Each person is to begin with just two specimens for a combined total of 10 specimens explained/team. I will have to train and asses the teams but I can ask their seniors for help. They will get a chance to apply their new talents at a few occasions:

  • The after-term lunch-time tours for NUS staff are to be revivved.
  • Support for specific events like International Museum Day
  • Collaborate with NUSSU SAVE to showcase local biodiversity during their Green Carnival
  • A beginning of term exhibition at Science and/or Central Libraries. In future to liase with clubs and societies during orientation week.

[4] Action – International Coastal Cleanup Singapore
Site Captains are desperately needed! This work requires email interaction with organisers and a site visit or two. They will have a Zone Captain for backup so there is safety net.

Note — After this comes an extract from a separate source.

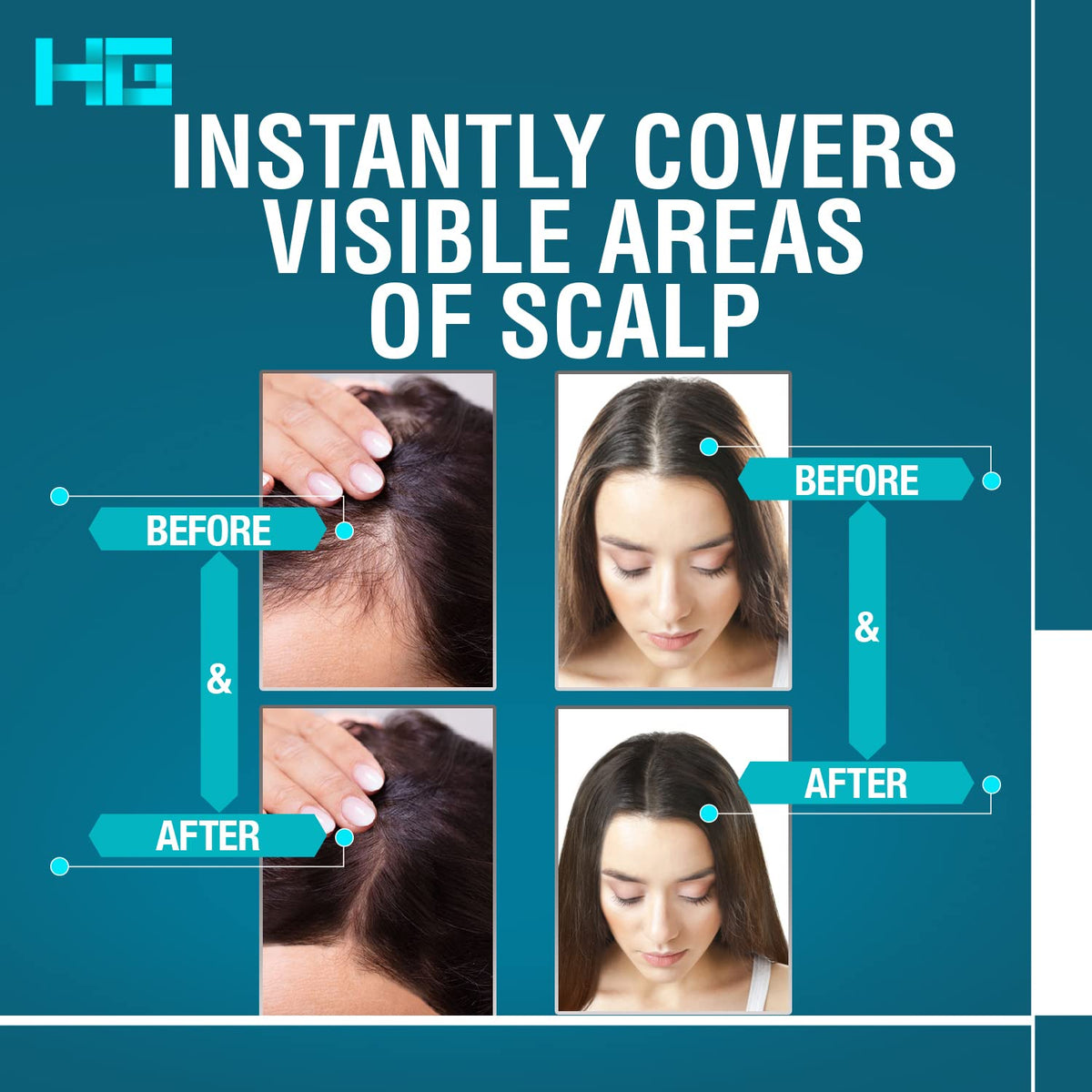 Hair Genetics Root Cover Up Dark Brown, Hide Your Grey Roots and Bald Spots Quickly and Easily, Natural Looking Root Touch Up Powder Defines and Fills in Eyebrows (Dark Brown)…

[5] Action – regional help
Second year student Ong Say Lin and friends will be volunteering with sun bear researcher Wong Siew Te. We hope to suggest dependable students to Siew Te annually to provide dependable, volunteer support. Toddycats with field experience and exposure to issues could be helpful.

I rounded up the session by sharing about the project-based nature of our work – we avoid crippling demands on a person’s time but require communication, reliability and sustainability. That did not faze all of them. By the time I reached home, one of them had already posted enthusiastically on facebook.

I started out in conservation like this, at their age, through the Biological Science Society. Those experiences imbued with me with skills I have applied in a variety of crises for the better. Let’s hope they get a kick start too.